If you define your output directory as:

--outdir rnaseq

then all pipeline results will be written inside:

rnaseq/

This directory will contain subfolders such as:

rnaseq/
├── multiqc/
├── star_salmon/
├── pipeline_info/
├── fastqc/
├── trimgalore/
└── work/   (intermediate files, DELETE after COMPLETION to save space)

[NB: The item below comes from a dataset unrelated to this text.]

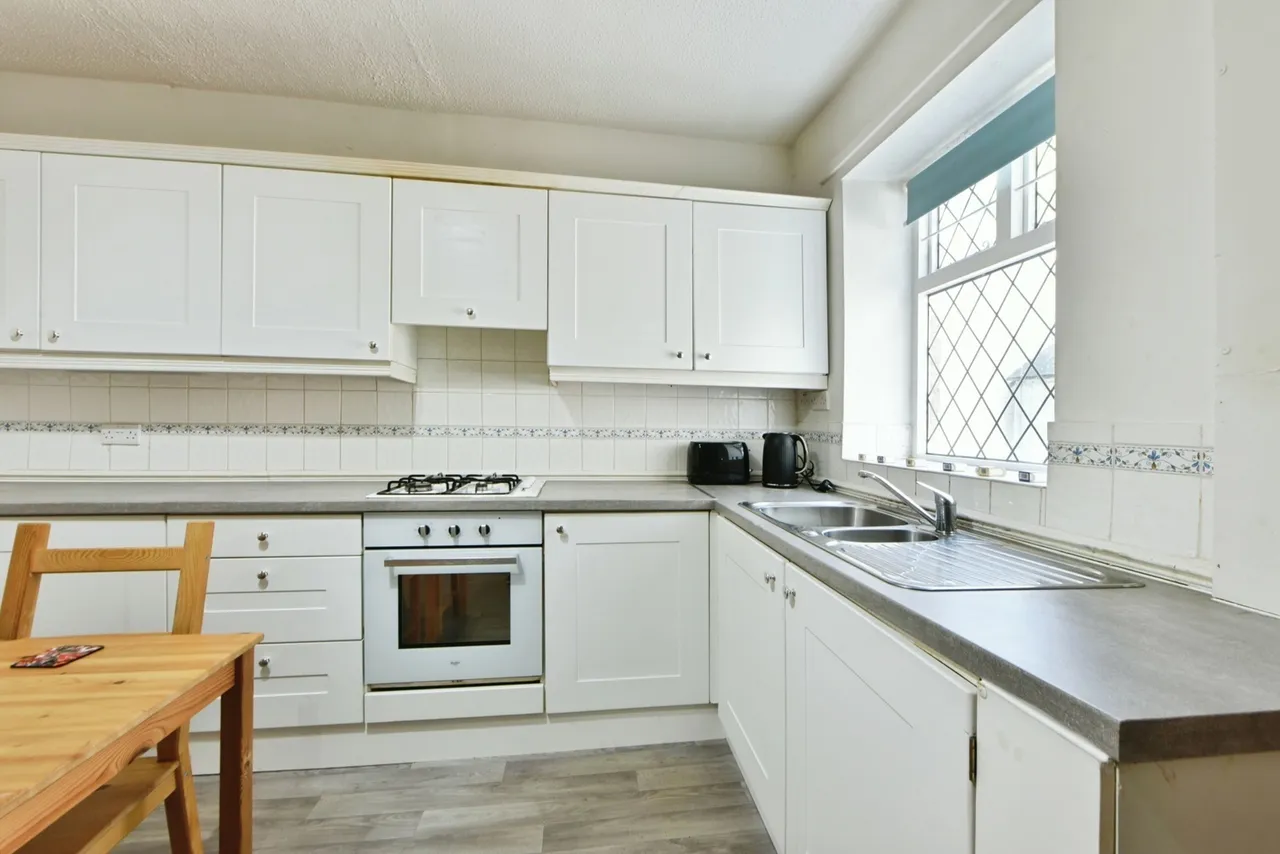 Montagu Street, Compstall, Stockport, Greater Manchester, SK6, photo 9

4.1 Summary Report (Most Important)#

multiqc/
multiqc/star_salmon/multiqc_report.html

Open this first.

4.2 Gene-Level Counts#

salmon.merged.gene_counts.tsv   → gene-level counts (used for differential expression)
salmon.merged.gene_tpm.tsv      → normalized expression (for visualization)

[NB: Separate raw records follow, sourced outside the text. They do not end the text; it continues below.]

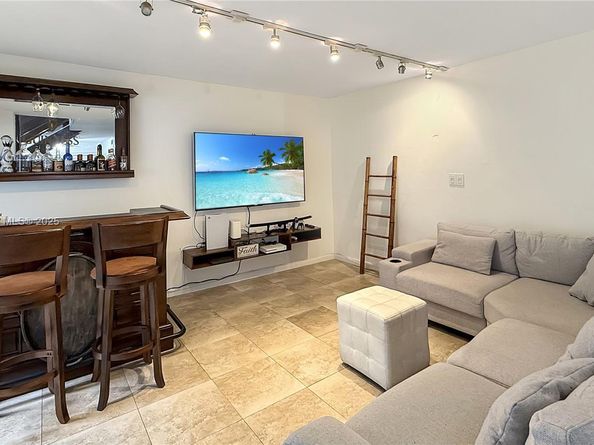 2980 SW 30th Ct 2980, Miami FL 33133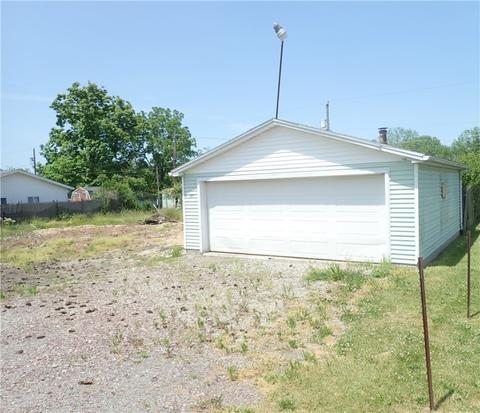 157 Circle, Uniontown, PA 15401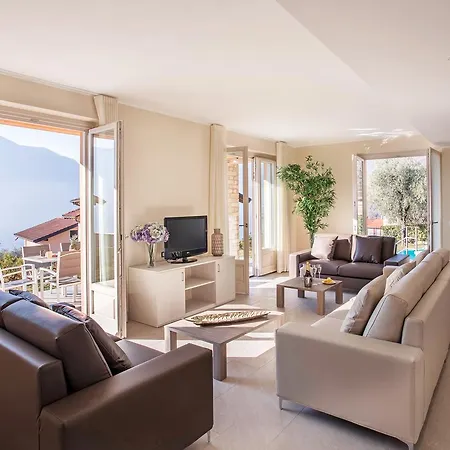 펜션 Ossuccio Grande C With Pool Sleeps 12 By Italian *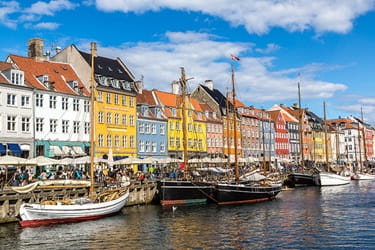 Nyhavn i København med skibe ved dokken og de klassiske flerfarvede huse ved havnen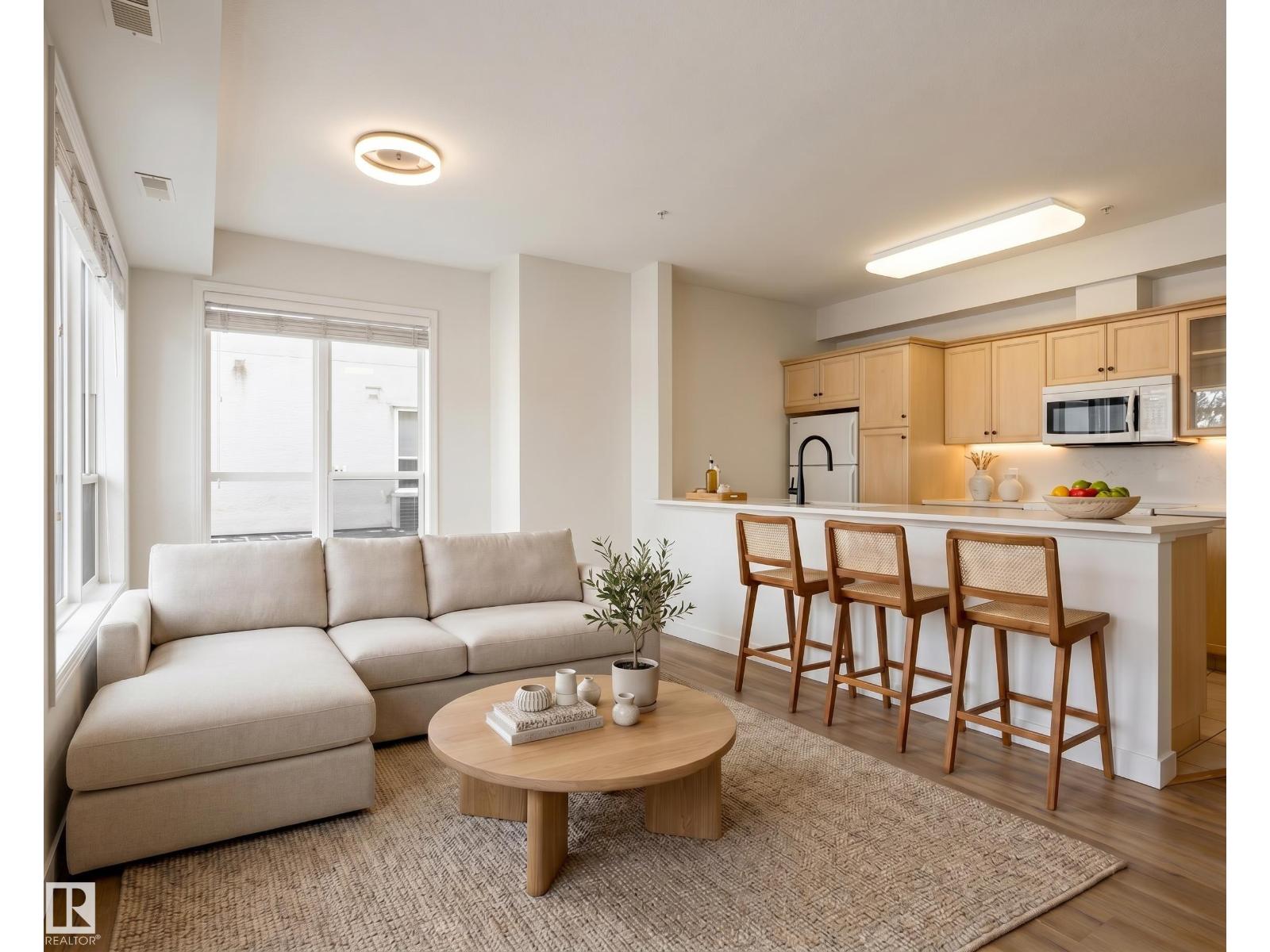 #124 10023 110 ST NW, Edmonton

4.3 Pipeline Metadata (Reproducibility)#

pipeline_info/nf_core_rnaseq_software_mqc_versions.yml

Contains software versions

Open OnDemand App#

In your working directory, this file list all parameter used

nf-params.json

5. Logs and Troubleshooting#

5.1 Main Nextflow Log#

.nextflow.log

Monitor during run:

tail -f .nextflow.log

It locates in the workding dir, not the outdir.

5.2 SLURM Log Files#

rnaseq_<jobid>.log   # check progress
rnaseq_<jobid>.err   # check errors

Open OnDemand App#

In session ID folder:

output.log  # check progress

5.3 Per-Process Logs (Advanced)#

Located inside:

work/<hash>/

Files:

.command.log
.command.err
.command.out

6. Running With Your Own Data#

To run your own dataset, you need:

  • FASTQ files

  • A properly formatted samplesheet.csv

  • FASTA reference genome

  • GTF annotation file

Steps:

  1. Upload FASTQ files to your working directory.

  2. Create a samplesheet.csv.

  3. Adjust reference paths if needed.

  4. Launch the pipeline via Open OnDemand or CLI.